Machine learning approaches have also been used to extract information from historical documents [42,43,44,45]. A number of these approaches rely on image-based solutions to classify and categorize them. Several methods are used for the context-aware querying of historical collections, such as clustering [46,47], detecting patterns/similarity [48], and linking articles to open data sources such as Wikipedia and DBpedia [49]. Topic modeling [50] and the clustering of news items on a single topic [51,52], such as politics, sports, and education, can be used to enrich textual data in newspaper collections. Furthermore, it is now possible to segment historical documents using some recent state-of-the-art machine learning approaches such as PubLayNet [53], DocBank [54], and DocBed [55]. Alternatively, layout analysis models can also be trained on other datasets [56,57]. Compared to standard OCR results, these models achieve good layout segmentation, but they lack the article-level information that is required to improve searchability in historical collections. Just as text data can be classified according to its characteristics, or content, illustrations can also be classified according to their context [58], location, and features such as color or shape [59], enabling the evaluation of visual content.

2.2. Feature Extraction

In computer vision, images are often described as vectors or descriptors that represent the task-specific, distinguishable characteristics of an image. These vectors can be extracted by a variety of different algorithms. In the past, features were extracted manually based on the task. Later, computer vision approaches enabled the extraction of general features such as SIFT [60], SURF [61], or ORB [62]. Nowadays, as deep learning is popular in computer vision domain, convolutional neural networks (CNN) are trained for the identification and feature extraction of specific objects, such as buildings [63,64]. These architectures are typically designed for image classification but can also be adapted for feature extraction. They often have a high-dimensional vector as output which can be reduced to the desired dimension using dimensionality reduction techniques such as a principal component analysis (PCA) [65]. Some models are trained on images of landmarks and buildings to detect distinguishable features between buildings. A currently popular CNN model for feature extraction was published by Radenović et al. [64] under the name Cirtorch. It is a fine-tuned ResNet101 [66] designed for feature extraction from images on which buildings and landmarks are mapped. This model extracts one vector per image, a global descriptor. Other approaches extract the most important keypoints of an image and describe these points in separate vectors, the local descriptors.
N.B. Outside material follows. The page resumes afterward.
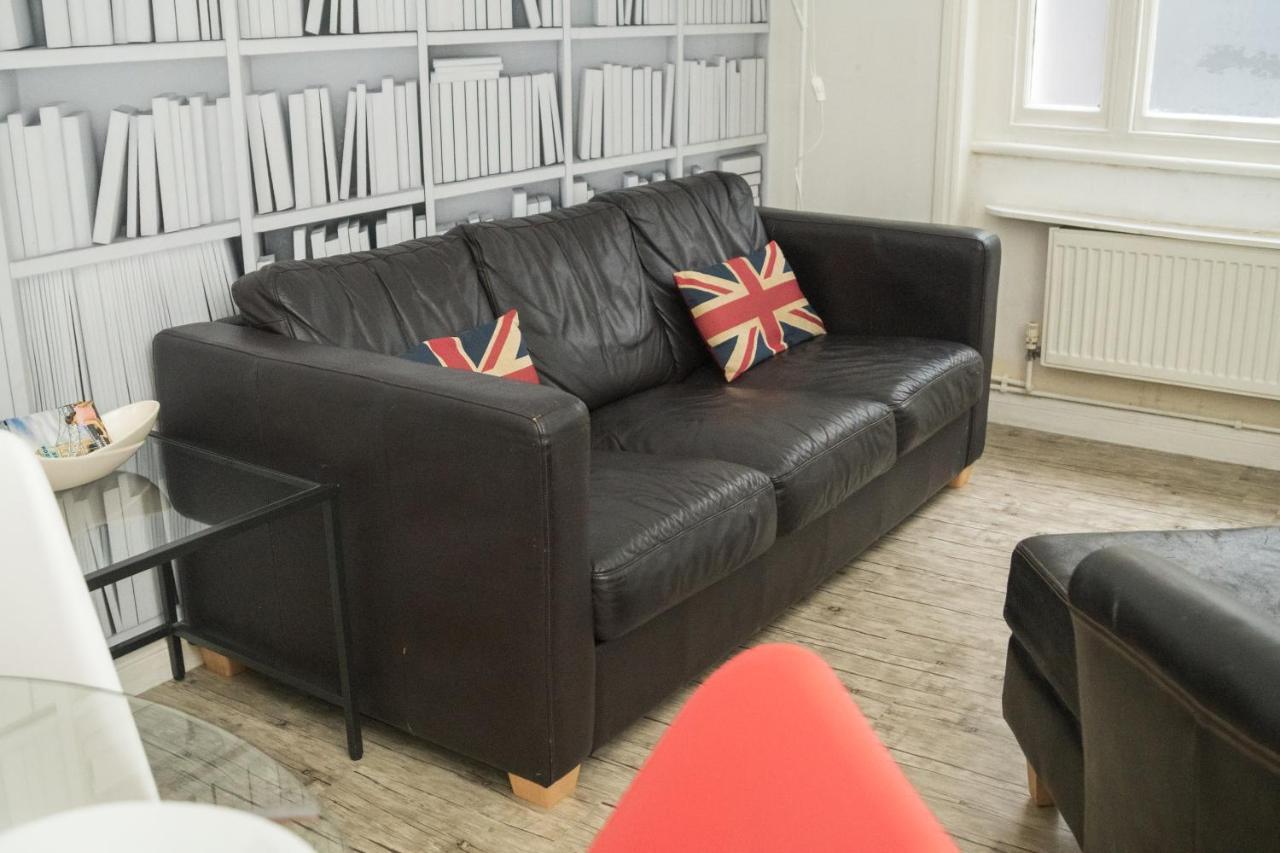 Oxford Street & Tottenham Court - Central London Apartment *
2.3. Feature Matching for Geolocalization

A well-known algorithm for finding the most similar vectors is called k-nearest neighbors (k-NN) [67]. The distances between the query vector and the data are calculated to determine the nearest data vectors. Different distance metrics lead to different results. The most popular metric is the Euclidean distance [68]. The distance between two vectors, x and y with dimensionality j can be calculated as in Equation (1) for the Euclidean distance or Equation (2) for the Manhattan distance. When using these metrics, it is important to normalize the vectors when all features in the vectors are equally important.

$$d_{x,y}=\sqrt{\sum _{i=1}^j{(x_i-y_i)}^2}$$

(1)

$$d_{x,y}=\sum _{i=1}^j\left|x_i-y_i\right|$$

(2)

A set number of neighbors or a distance threshold determines whether a certain number of matches are found or not. k-NN works with both global and local descriptors. To use the information of local descriptors, a geometric similarity can be determined. Some models, such as DELF [63], extract local features, which means that vectors are extracted per feature in combination with the location of the feature. First, k-NN is used to determine the most similar keypoints. These keypoints can be used to determine the best geometric transformation between the two sets. The transformation is performed by fitting a transformation matrix using RANSAC (random sample consensus) [69]. The number of keypoints that follow the found transformation, called inliers, determines the similarity between images.

2.4. Rephotography

Rephotography is of great value for research in historical studies because it tracks changes over time. In the past, historical scenes were rephotographed manually [70]. Manual rephotography is complex and requires special photographic skills and time to achieve good results. A good rephotograph depends on the precise location, angle, and perspective from which the historical image was taken. Therefore, recapturing a historical scene from the same perspective has been challenging. Computer vision research enables many assisting applications [28] that help the photographer to capture the image from the same viewpoint. Besides these applications, many approaches have been proposed to achieve rephotography based on image collections [71]. The advances in computer technology allow researchers to address this problem using deep learning [29]. The approach of extracting the facade and performing rephotography works well for images of houses where the facade is prominent, but detecting the facade of complex building structures makes this task even more difficult. By using computer vision techniques such as SIFT, ORF, SURF, Cirtorch, or DELF we can solve the problem to some extent, but improvements are still needed to learn and match features from low-quality historical images.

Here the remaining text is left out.